Selon des sources au Pentagone
Trump serait en train de préparer son «coup final» contre l'Iran

Le Pentagone prépare des options militaires contre l'Iran, selon Axios. Face à la crainte de l'échec des pourparlers sur le détroit d'Ormuz, Washington envisagerait des frappes aériennes et l'invasion d'îles stratégiques.
Donald Trump dans le Bureau ovale de la Maison-Blanche, le 24 mars 2026, à Washington.
Photo: KEYSTONE
Janine Enderli

Donald Trump est-il sur le point d'envoyer une bombe à retardement sur l'Iran? D'après certaines rumeurs, des préparatifs en ce sens seraient déjà en cours. Selon le média américain Axios, citant plusieurs sources gouvernementales, le Pentagone serait en train de développer des options pour asséner à son adversaire un «coup final» pouvant inclure à la fois des troupes au sol et des frappes aériennes massives. 

L'élément déclencheur de ce «coup final»? La crainte que les efforts diplomatiques échouent et que le détroit d'Ormuz, d'une importance stratégique cruciale, reste bloqué. Selon Axios, Washington se questionne sur l'utilité d'une démonstration de force. Renforcerait-elle sa position de négociation ou permettrait-elle au président Donald Trump de revendiquer une victoire politique?

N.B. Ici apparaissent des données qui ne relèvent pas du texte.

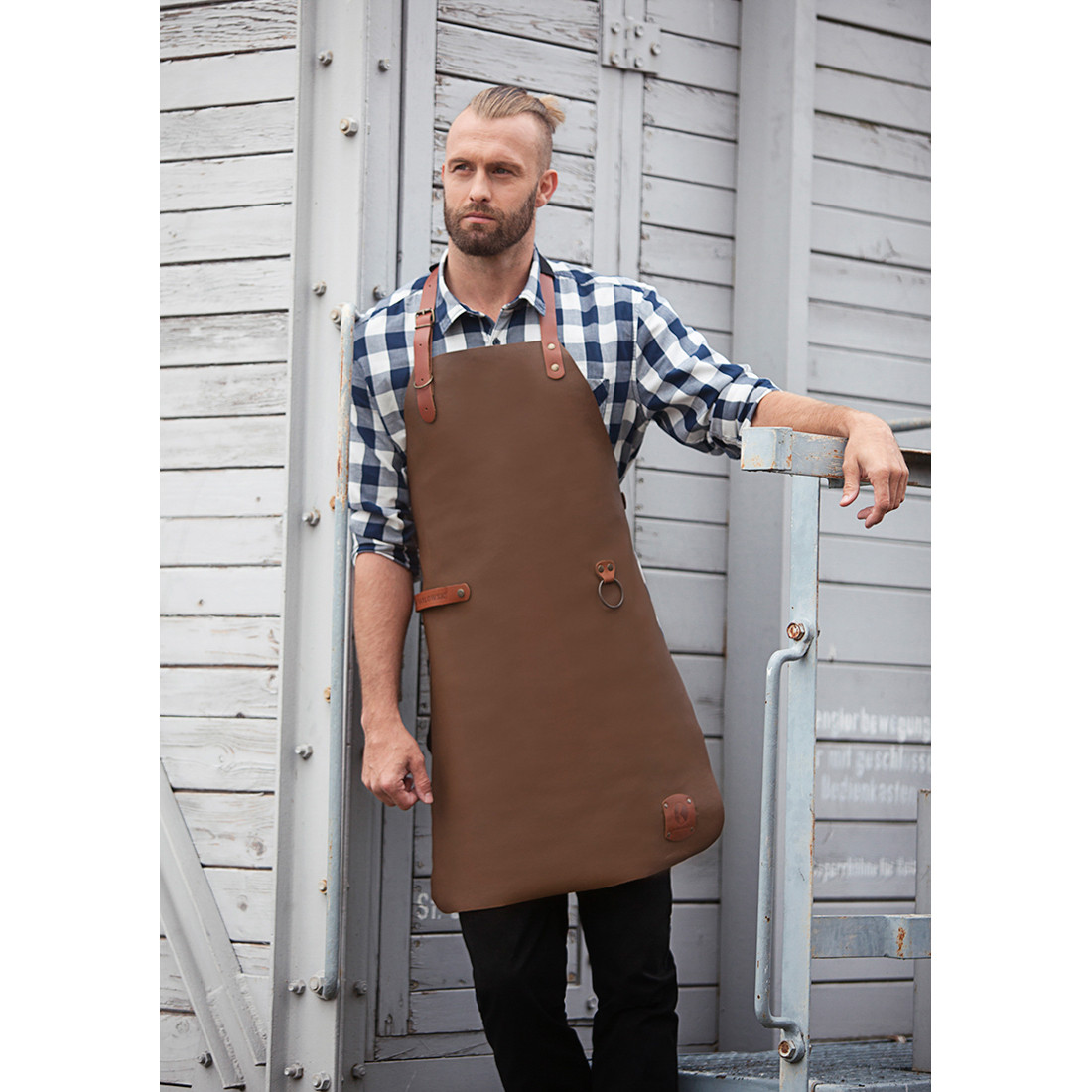 Sort cu pieptar din piele - Imbracaminte de protectie Sort cu pieptar din piele - Imbracaminte de protectie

Parallèlement, des sources internes avertissent que nombre de ces scénarios risquent de prolonger le conflit et de l'aggraver.

L'une des options envisagées est d'envahir les îles stratégiques comme Kharg ou Abou Moussa, ainsi que des mesures visant à entraver les exportations de pétrole iranien. Des attaques contre des installations nucléaires, voire des opérations terrestres risquées à l'intérieur du pays, sont également à l'étude. 

«Déchaîner les enfers»

Si Donald Trump n'a pas encore pris de décision, le ton de Washington se durcit tout de même: la porte-parole de la Maison Blanche, Karoline Leavitt, a déclaré que le président était prêt à frapper «plus fort que jamais». «Le président ne bluffe pas et il est prêt à déchaîner les enfers», a-t-elle affirmé. 

Téhéran menace de représailles massives. Les pourparlers se poursuivent sous l'égide de médiateurs internationaux, mais une profonde méfiance de part et d'autre entrave une solution diplomatique rapide.